And even if there is some one or two things you must watch on Comcast On Demand once in a while, can't you just run an HDMI to your laptop for that program? That's what I end up doing for NFL games on Sunday, since Sunday Ticket is only via laptop. I wouldn't want that to be my usual experience in any way, for one or two programs at week it is really nothing.


----------



## mattyro7878 (Nov 27, 2014)

My first reaction is 'just use the Xfinity Stream app on your tv". I forget that not everyone has a smart TV. Even a semi smart TV will do the Stream app which includes all the on demand. My Samsung has limited intelligence but works with Comcast. I'm sure most Vizio and LG and if course any Roku tv will do it.


----------



## heyted (Mar 4, 2012)

MichaelCoffin said:


> They don't seem to be making any changes that would negatively impact Roku users...

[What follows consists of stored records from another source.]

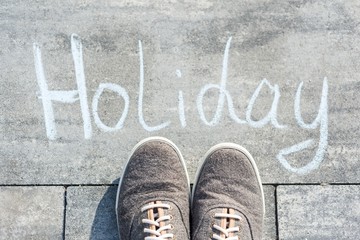 Handwritten word HOLIDAY on the asphalt and sneakers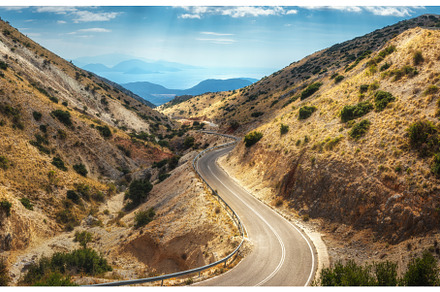 Aerial view of winding mountain road, a Transportation Photo by den-belitsky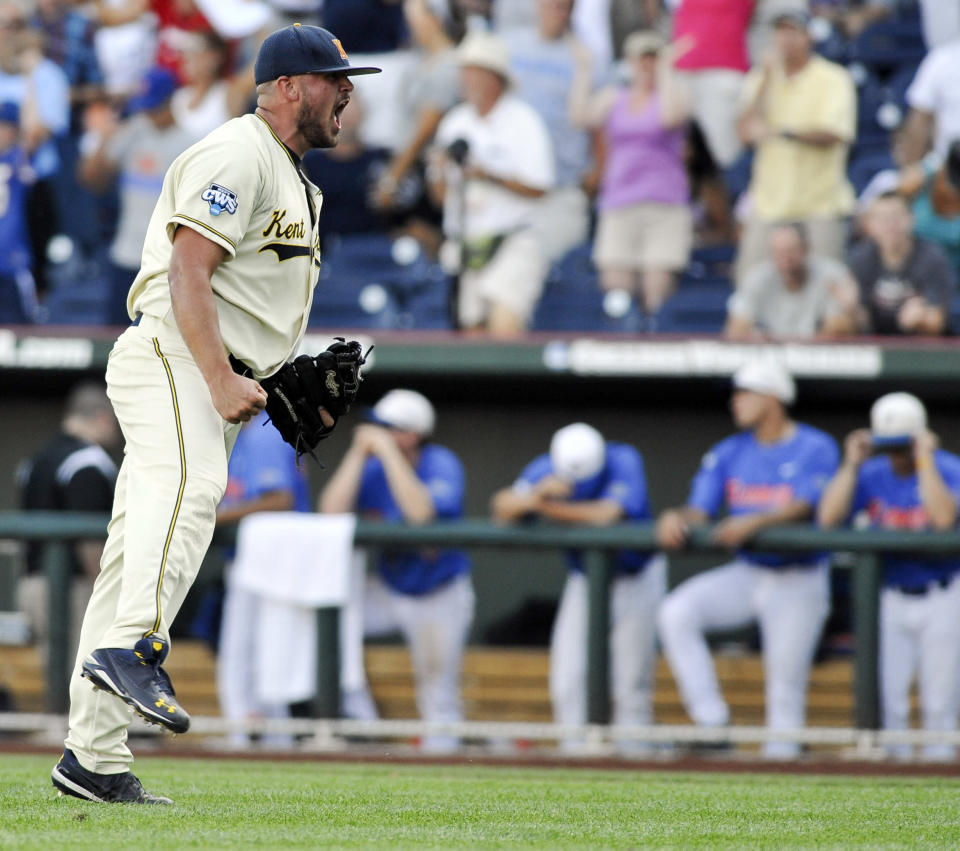 Kent State closing pitcher Josh Pierce celebrates the last out against Florida in an NCAA College World Series elimination baseball game in Omaha, Neb., Monday, June 18, 2012. Kent State won 5-4. (AP Photo/Eric Francis)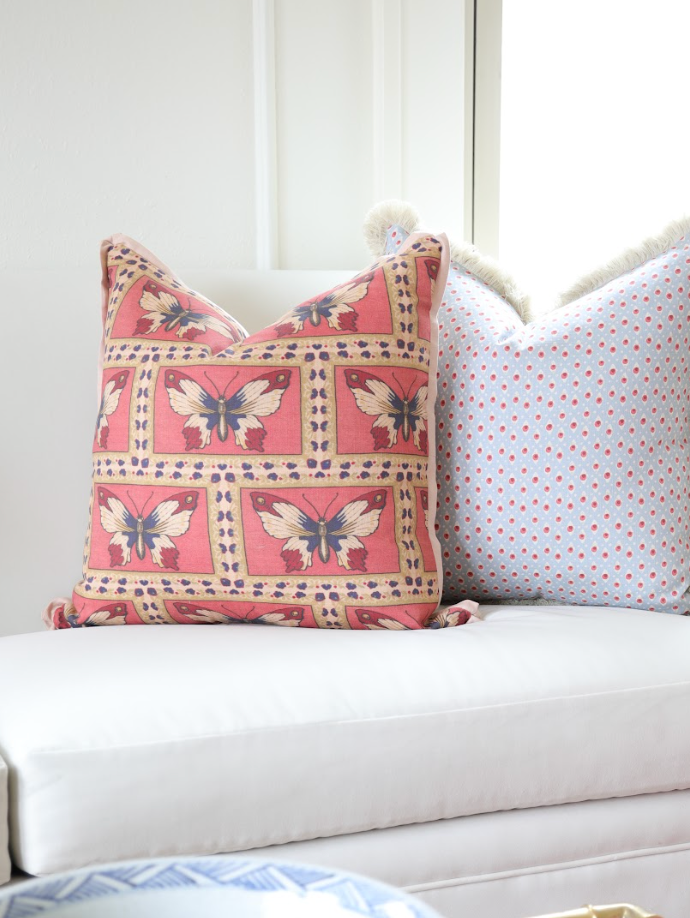 Monarch Fabric Rouge linen-cotton blend pillow with butterfly pattern; light blue polka dot pillow behind it.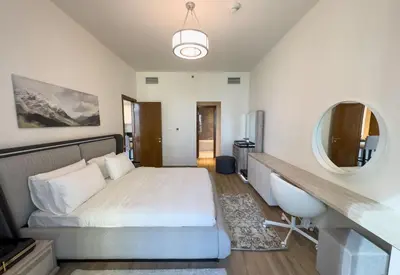 a bedroom with a bed and a mirror at Fabulous Canal Views Al Habtoor City in Dubai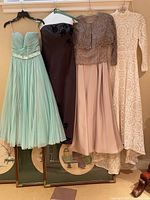 Four evening gowns hanging on a rack, displaying different styles and colors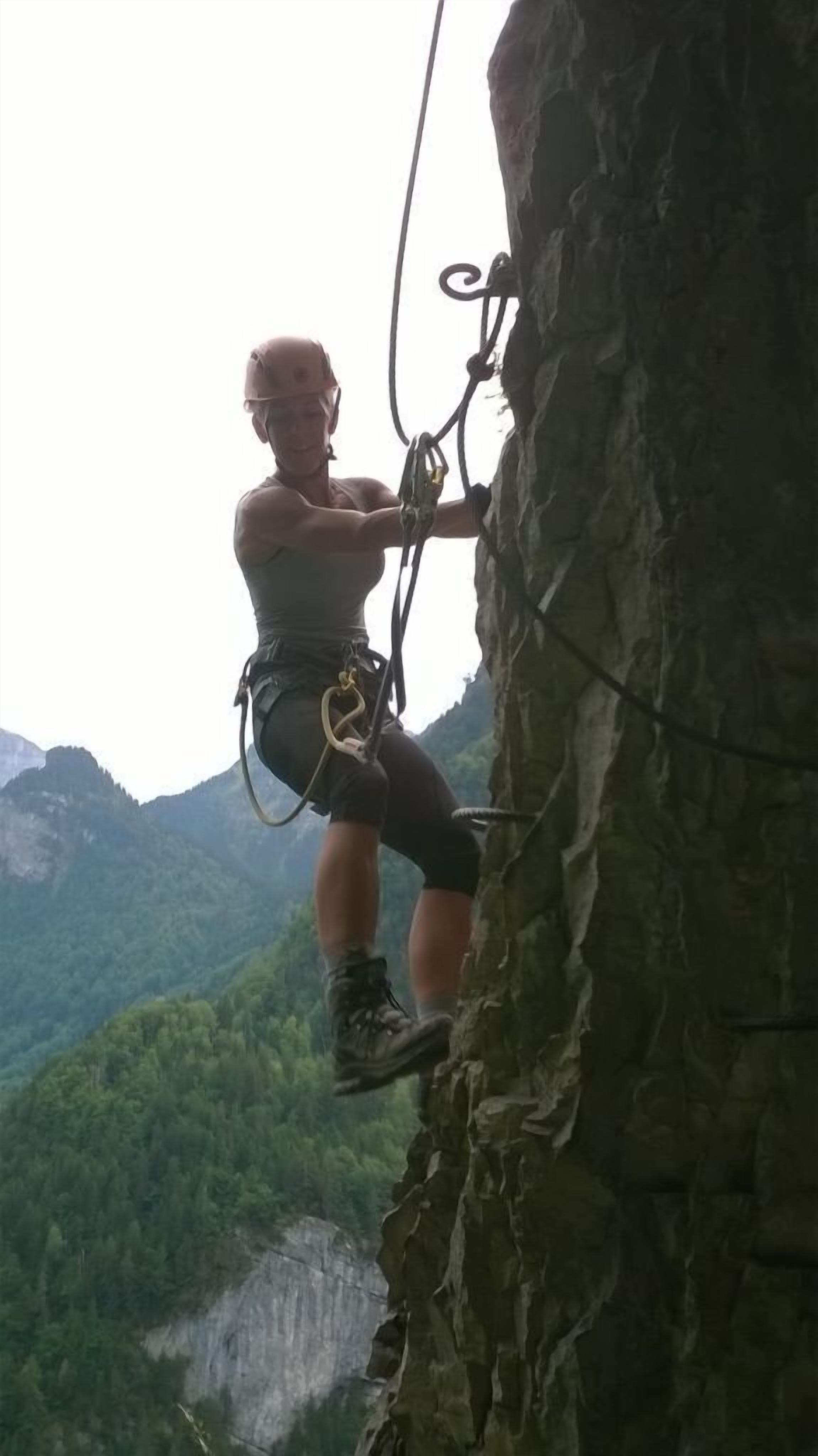 A person rock climbing a cliff with a harness and ropes.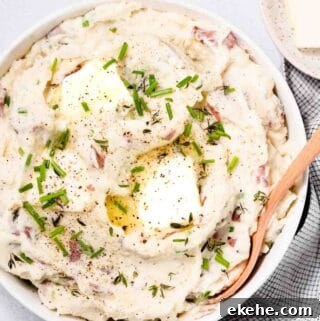 red skin mashed potatoes in bowl with wooden spoon on the side.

Comcast at https://www.xfinity.com/support/articles/xfinity-stream-beta-app-faqs said:


> ...during the beta trial, we're waiving the "additional outlet" service charge if you use the Stream app on a Partner Device. Pricing may change in the future.


I wonder how many people catch the additional outlet fee for each device when they purchase a Roku device just to use Xfinity Stream app. There are many sources on the web indicating that purchasing multiple Roku devices instead of a cablecard device is a better choice for cord shavers who want to save money. As shwru indicated above, the FCC requires a single cablecard to be multistream (works with multiple devices) without any additional outlet fees.


----------



## wmcbrine (Aug 2, 2003)

shwru980r said:


> When you use Tivo, Comcast can't charge the $10 per month per outlet fees.


I think they've finally abandoned that in their latest price restructuring.


----------



## slowbiscuit (Sep 19, 2006)

KevTech said:


> That is up to Comcast as they provide the app.


Way oversimplification of the IPTV issue as a whole. Tivo is equally to blame here.


----------



## MichaelCoffin (Nov 28, 2014)

krkaufman said:


> As mentioned just above, many Comcast customers have had recent success getting HBOGO authenticated via their TiVo boxes.
> 
> See here: The Spite of Comcast: HBO Go


This worked! Thanks so much, I enabled it on my Roamio and one first generation mini using IOS and Safari on my iPhone.


----------



## MichaelCoffin (Nov 28, 2014)

mattyro7878 said:


> My first reaction is 'just use the Xfinity Stream app on your tv". I forget that not everyone has a smart TV. Even a semi smart TV will do the Stream app which includes all the on demand. My Samsung has limited intelligence but works with Comcast. I'm sure most Vizio and LG and if course any Roku tv will do it.


Unfortunately the "main" TV in my living room isn't a smart TV, I didn't think I needed a smart TV because I had this fancy all-in-one Roamio that did streaming......

The TVs in guest bedrooms on Tivo minis are smart, I'll try it on one of those.


----------



## PSU_Sudzi (Jun 4, 2015)

mattyro7878 said:


> My first reaction is 'just use the Xfinity Stream app on your tv". I forget that not everyone has a smart TV. Even a semi smart TV will do the Stream app which includes all the on demand. My Samsung has limited intelligence but works with Comcast. I'm sure most Vizio and LG and if course any Roku tv will do it.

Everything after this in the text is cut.